The benefits claimed for the road come mainly from projected travel time savings, and are said to be worth nearly $11 billion in present-value terms. Yet evidence from half a century of road building indicates that any travel time benefits are short-lived and soon give way to worse congestion than before.
“This looks like the same fantasy-land thinking we’ve seen on every other road project,” said Dr Morton. “In that regard the East West Link assessment may have been more honest – at least that conceded the congestion benefits would be gone within a decade. This one seems to be claiming time savings will still be achieved 50 years into the future, something never seen before on planet Earth.”
Past road projects in Victoria have been unable to demonstrate the time-saving and other benefits claimed for them, according to reports by the Victorian Auditor-General and by academic researchers. A 2009 study of the Melbourne CityLink project by RMIT’s John Odgers found that contrary to the time savings forecast, the total time spent in Melbourne traffic in 2005, five years after CityLink opened, was already exceeding by 1.8% the figure projected for 2011 in the ‘do nothing’ scenario. The approach used to forecast the travel time benefits for projects including the North East Link has been criticised by modelling expert William McDougall in evidence to a 2017 Senate inquiry into tollroads.
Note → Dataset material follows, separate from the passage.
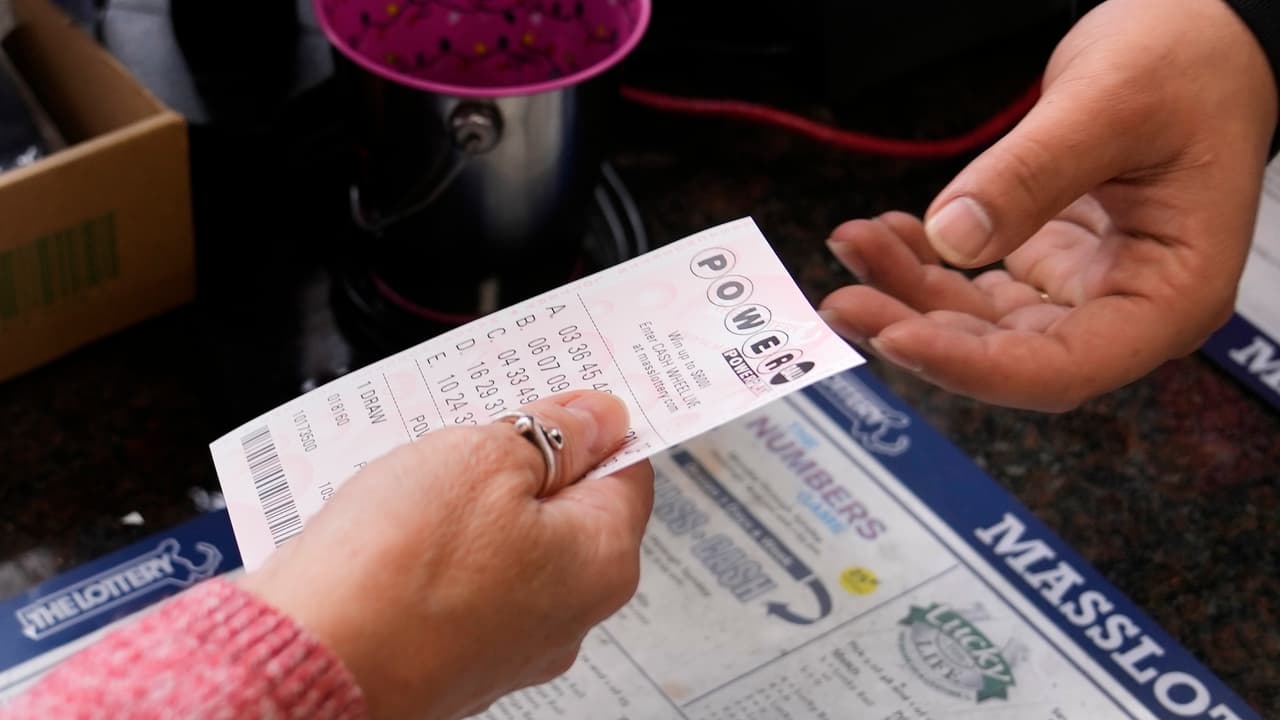 Powerball deja tres nuevos millonarios en Nueva York y crece el premio mayor.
“And yet, contrary to all we know from the past half century about new roads not reducing congestion, we’ve still got official documents like this one making all sorts of claims about time savings, congestion relief and faster travel, as though it’s forever 1970 and no-one knows any better,” Dr Morton said. “Almost nowhere else is there such a boneheaded insistence on doing the same thing over and over and expecting different results.”
Choices for the future
The PTUA is supporting a community campaign for further investment in rail infrastructure and frequent bus networks, to give people choices to avoid traffic congestion. “The government’s trying to greenwash this road with a new busway along the Eastern Freeway, to save all of two minutes between Bulleen and Clifton Hill. The business case calls it a 30% saving, which is misleading because it’s a percentage of the 6 to 7 minute travel time on the freeway, a very small part of the whole. Virtually all the serious delay to buses is between Clifton Hill and the city, and further out on suburban arterial roads,” Dr Morton said.
“We’d actually rather see the freeway median preserved for future rail services, and instead invest some serious money into priority for buses where they run slowest, and put some fair dinkum planning effort into a Doncaster rail line. That’s a recipe for real time savings with more ironclad evidence than any traffic model.”
“Meanwhile, every billion dollars the government spends on big roads just makes Melbourne look more like Los Angeles, and gets us closer to having Los Angeles style traffic. Should we really be spending $16 billion for this?”